- [Stored data]
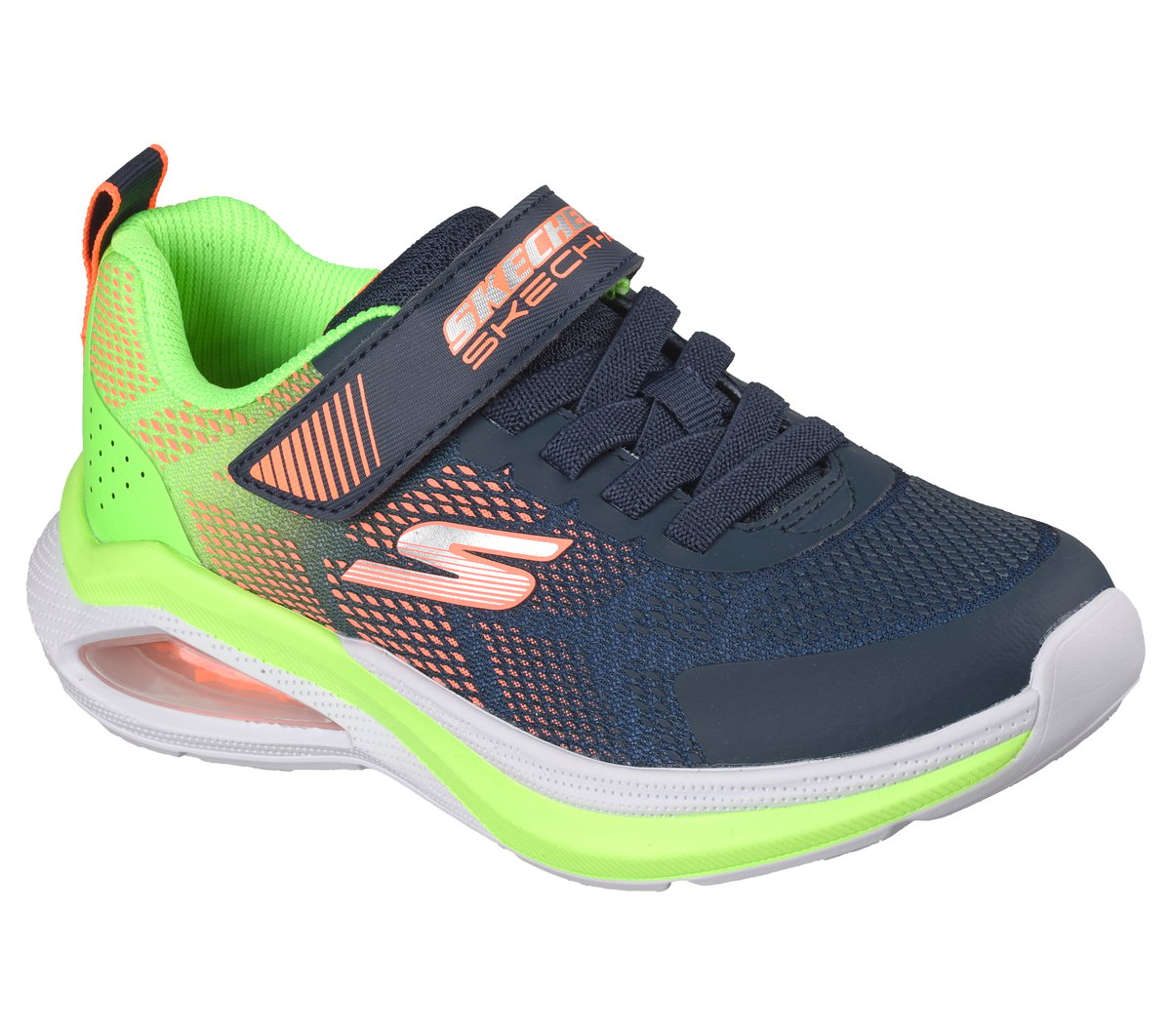 Skechers boys sneaker with velcro strap, laces, and neon green and orange accents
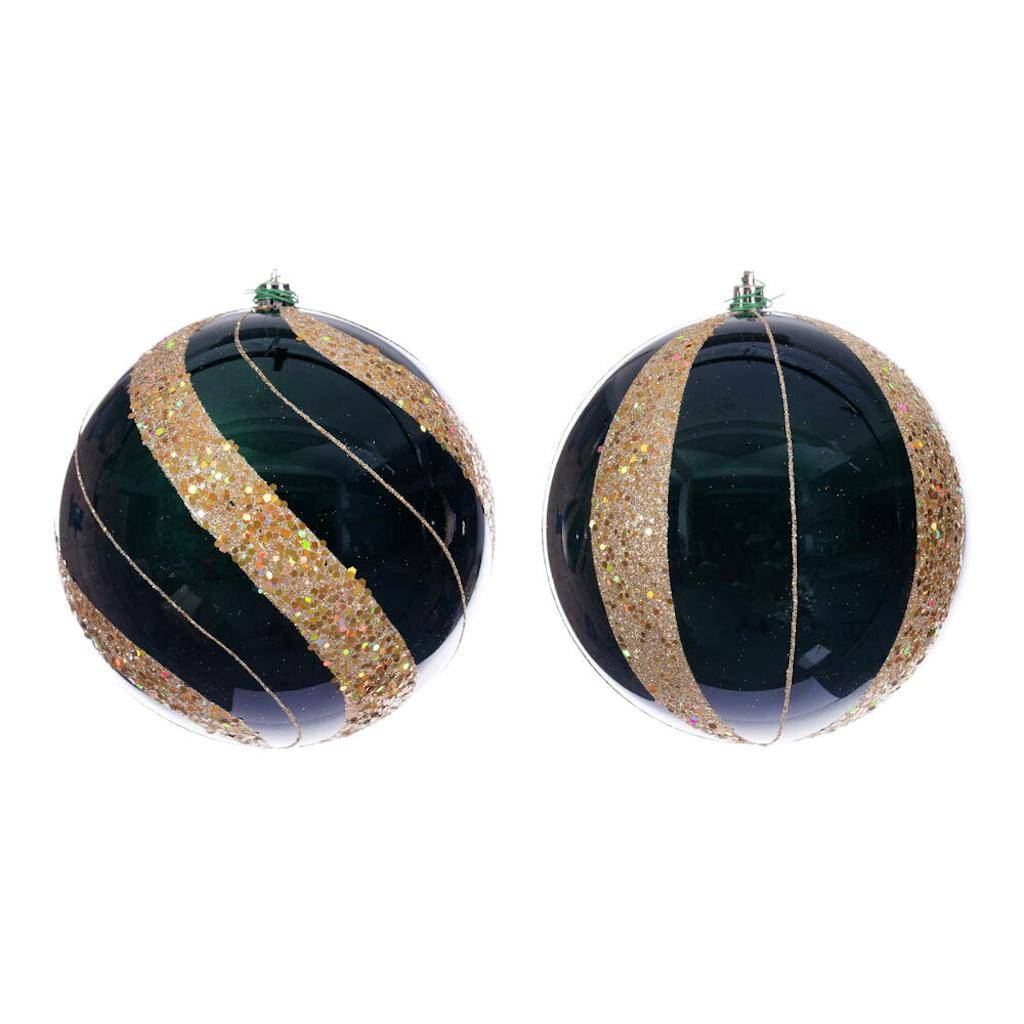 6" Midnight Green Pearl Sequin Ball Ornament (4 Pack) 1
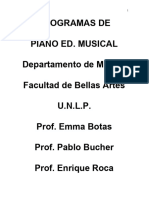 Programas de Piano Educaciýýn Musical 2012 Facultad Bellas Artes UNLP Dpto. de Mýýsica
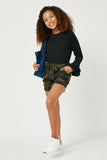 GN4128 BLACK Girls Double Ruffled Long Sleeve Knit Top Full Body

- [Your goal] Could you give the material above again, exactly and without its pictures?

- [Written solution]
 Skechers boys sneaker with velcro strap, laces, and neon green and orange accents
 6" Midnight Green Pearl Sequin Ball Ornament (4 Pack) 1
 Programas de Piano Educaciýýn Musical 2012 Facultad Bellas Artes UNLP Dpto. de Mýýsica
 GN4128 BLACK Girls Double Ruffled Long Sleeve Knit Top Full Body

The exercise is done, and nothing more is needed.